Я не мог поднять глаз, не мог взглянуть ей в лицо. И продолжал, продолжал бормотать какую-то ерунду. Пока она — почти силой — не выдернула у меня из пальцев пачку писем и не прочла, не осознала про себя те два слова... Она больше не слышала меня, моего бормотанья. Она сидела и смотрела огромными черными зрачками — такими огромными и черными на побелевшем, без кровинки лице — прямо перед собой, в пустоту. Не замечая ни меня, ни Кости, ни растерянных, недоумевающих бабушку и деда.
— Все равно, он жив, — наконец проговорила она. — Я уверена, что он жив. — Она достала из-под подушки платочек, прижала его к губам и снова спрятала под подушку. Глаза ее были сухи. — Уверена, — повторила она и погладила меня по голове.
И я подхватил:
— Конечно, — сказал я, — он жив!.. А почта... Мало ли что!..
— Они тут пишут, — объяснила мама не сводившим с нее глаз бабушке и деду, — пишут, что он... А он жив. — У нее в лице по-прежнему не было ни кровинки.
— И очень просто, — сказал Костя.— Давеча я тут рядом извещенье доставил, похоронку, стало быть... А вчерашний день письмецо пришло, из госпиталя... Такое дело... — И бочком-бочком он подался из комнаты. Никто из нас не тронулся с места его проводить. Было слышно, как за ним хлопнула входная дверь.

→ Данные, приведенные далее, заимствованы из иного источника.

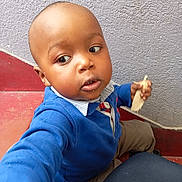 Assaf a rejoint le concours — aidez-le/la à gagner de superbes lots ! blue_sweater, bread, candid, casual_clothing, child, curious, face, hand, head, indoors, looking_away, person, portrait, real_photo, red_floor, sitting, stairs, textured_wall, toddler, young_child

— Что-то я ничего не пойму, — сердито проговорила бабушка, второпях разыскав очки и разглядывая подклеенный к письмам ярлычок, — Не пойму, с какой стати Костя вспоминал про какую-то похоронку... Или я, старая дура, выжила из ума и разучилась читать, или здесь написано совсем другое...
— «Адресат выбыл», — подсказал я.
— Правильно, — подхватила бабушка. — И больше ничего здесь не написано. Ты слышишь?.. — обратилась она к маме. — И забудь, что наболтал этот Костя, садовая голова, чтоб ему пусто было...
Мать молчала, рука ее тихонько поглаживала меня по волосам и когда касалась в легком движении моего лба, я до озноба в спине чувствовал, какие ледяные у нее пальцы.
— Ляг и укройся, — сказал я, видя, как дрожит она, сидя в тоненькой ночной рубашке. Но сама она, казалось, не замечала этого.
Она покорно легла, укрылась, я подоткнул край одеяла ей под самым подбородок.
— Мама права, — сказал дед (он всегда и во всем считал, что бабушка права). — Побойся Бога, дочка! Я вижу, о чем ты думаешь... Побойся Бога!.. — Против обыкновения, голос его прозвучал сурово, почти грозно. Я не слышал, чтобы он — тихий, смиренный — раньше так говорил. И чтобы глаза его сверкали так строго под взбухшими козыречком бровями.